Re:Focus on Minds not Bricks (Score:5, Informative)
You mean like the large bins of generic lego that already exist?
https://www.lego.com/en-ca/sea... [lego.com]
Or maybe you mean like the great 3-1 in sets that already exist?
https://www.lego.com/en-ca/the... [lego.com]
Or the large selection of idea books that already exist?
https://www.amazon.ca/s?k=lego... [amazon.ca]
Or the lego hosted site with challenges and activities and contests?
https://ideas.lego.com/howitwo... [lego.com]

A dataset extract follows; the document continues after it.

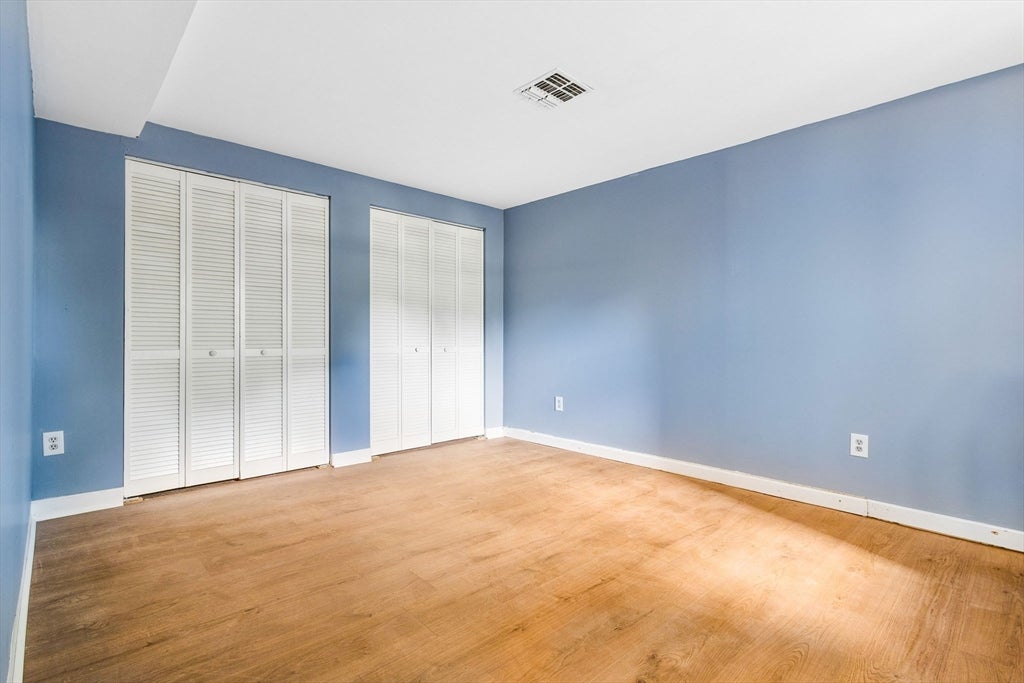 33 Brainerd Rd #109, Boston, MA, 33 Brainerd Rd #109, Boston, MA Photo #18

Hell they even made a lego movie that explicitly promoted and demonstrated the joy of building things from whatever was at hand.
One set that came from that, remains one my absolute favorite examples, where they built a pod-racer type hover-craft thing out of a castle gate and wagon:
https://www.ebay.ca/itm/394871... [www.ebay.ca]
Not to mention the huge lego fan communities from bricknerd to youtube channels that constantly show off new ideas, have contests of their own, tutorials, and teach advanced techniques...
So... yeah.. WTF are you on about?
If you only buy sets with licensed tie-ins and then only use them to build one thing, then its time to look in the mirror. That's on you.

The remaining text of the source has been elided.